# Lets See the Set-Up!



## Joe(y) (Mar 1, 2009)

No, I am not talking about the bows, we already have enough of those threads floating around. I'm talking about you treestand/blind set up. Where are you puttin them? Cameras? Mineral Blocks? What scent are you using. Lets get some pics from up in the stand!


----------



## kegan (Aug 28, 2006)

I'm stalking/ambush this year, but I could post some of areas I hope to see deer if you'd like?


----------



## Joe(y) (Mar 1, 2009)

ya lets see em


----------



## kegan (Aug 28, 2006)

Okay. Tonight after I get all my stuff done I'll snap some pictures and put them up tomarrow.


----------



## Ignition kid (Oct 7, 2008)

Give me a week and i will have pics up when I go up there.


----------



## kegan (Aug 28, 2006)

Here you go.


----------



## Sighting In (Feb 5, 2009)

Kegan, I like where you live much better then stupid old brown Arizona! lol


----------



## Joe(y) (Mar 1, 2009)

I went and hung both of my stands tonight but forgot the camera so i will snap some next time i go out....kegan I can imagine a big old buck sitting there right now.


----------



## kegan (Aug 28, 2006)

Thanks guys. It's a pretty lttle place, and we have some nice doe traffic (as well as a healthy squirrel population). Occasionally we'll see some turkeys, but bucks are few and far between. Neighboring me are people who are bascially scum. If there's a buck, they make sure it's dead, or too scared to be seen anytime during shooting hours. 

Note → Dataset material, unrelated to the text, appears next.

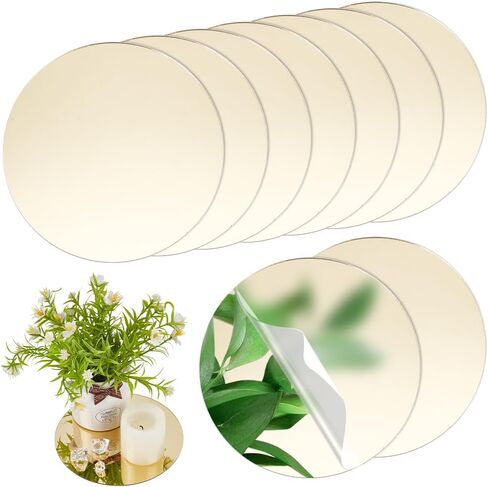 NBEADS 10 Pcs Acrylic Round Mirrors, Gold Round Mirror Centerpieces for Tables Non Glass Mirror Plate Mirror Candle Plates for Crafts, Wedding, Party, Wall Decorations, 5.9inch in Diameter in Saudi Arabia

The only buck I've seen during season was during the openner of rifle- pouring rain, he was sneaking through. Missed him at about 45 yards (buck fever). That beautiful brute never did get taken- he finally met his end on the side of the road because someone was driving too fast.


----------



## x-force hunter (Apr 10, 2009)

This is the only picture I have but it is the edge of my hunting grounds in back of my house. As you can see it is very thick and once you get to the tree line all swamp.


----------



## Joe(y) (Mar 1, 2009)

Get a turkey license ha


----------